Remembering Nanay

                                      Photo by Aaron Burden from Pexels 

It was the time of disquiet then; the protest movement against the dictatorship intensified in many parts of the country after the death of Ninoy Aquino. I knew during that time that I shall be taking a different path from the ones chosen by many, including my siblings and friends, who graduated from my university. I left the comfort and familiarity of my home became an organizer in the youth and student movement, preparing myself to work with people in the margins in the countryside. I left home one day in October, leaving a letter of thanks and expressing my gratefulness to my parents for being there for my siblings and me from the very beginning.
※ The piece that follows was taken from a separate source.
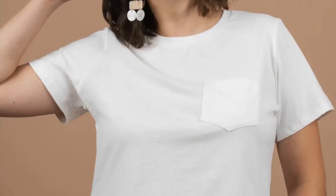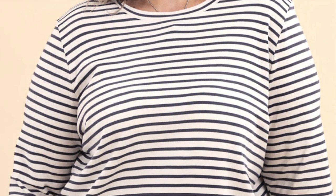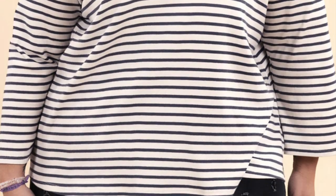The first pattern I have for a t-shirt is called the Core T-Shirt from Closet Core Patterns. It's a timeless wardrobe basic — a classic crew neck t-shirt with a slightly boxy silhouette, coming in two lengths with two sleeve options. There's a shorter sleeve option with an optional chest pocket, and a longer sleeve option, as well as a longer hip-length version. You can mix and match, and it's definitely something you could make over and over and never have too many of.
I know, in my heart, that one day my parents would be able to accept me, their activist daughter.

So many things happened after I left home. I learned the value of hard work, sacrifice, and commitment during those days. I realized how much I missed my family when I watched the stars at night and wondered how they were, praying that they knew that I loved them so much in their hearts.

It was when I saw my mother in the sidewalks of Morayta, right before a protest rally scheduled at Mendiola, that I learned the depth of my mother's love. I learned that she tried to look for me at protest marches, watching from the streets, going to the places I have been to, praying, and hoping we may see each other again.

We both cried after seeing each other.

I am writing this to remember a woman who gave me the love she could provide, who went with me to a protest concert at St. Theresa's College, who decided to look for me one day at Morayta, knowing that she may see me in the protest march.

I am writing this to pay homage to a woman, who may not be the perfect mother for me, but who I've learned what grit and determination means.

I love you, Nanay, and know that I am sharing the lessons of the memories you left with your grandchildren. Praying for you on your birthday.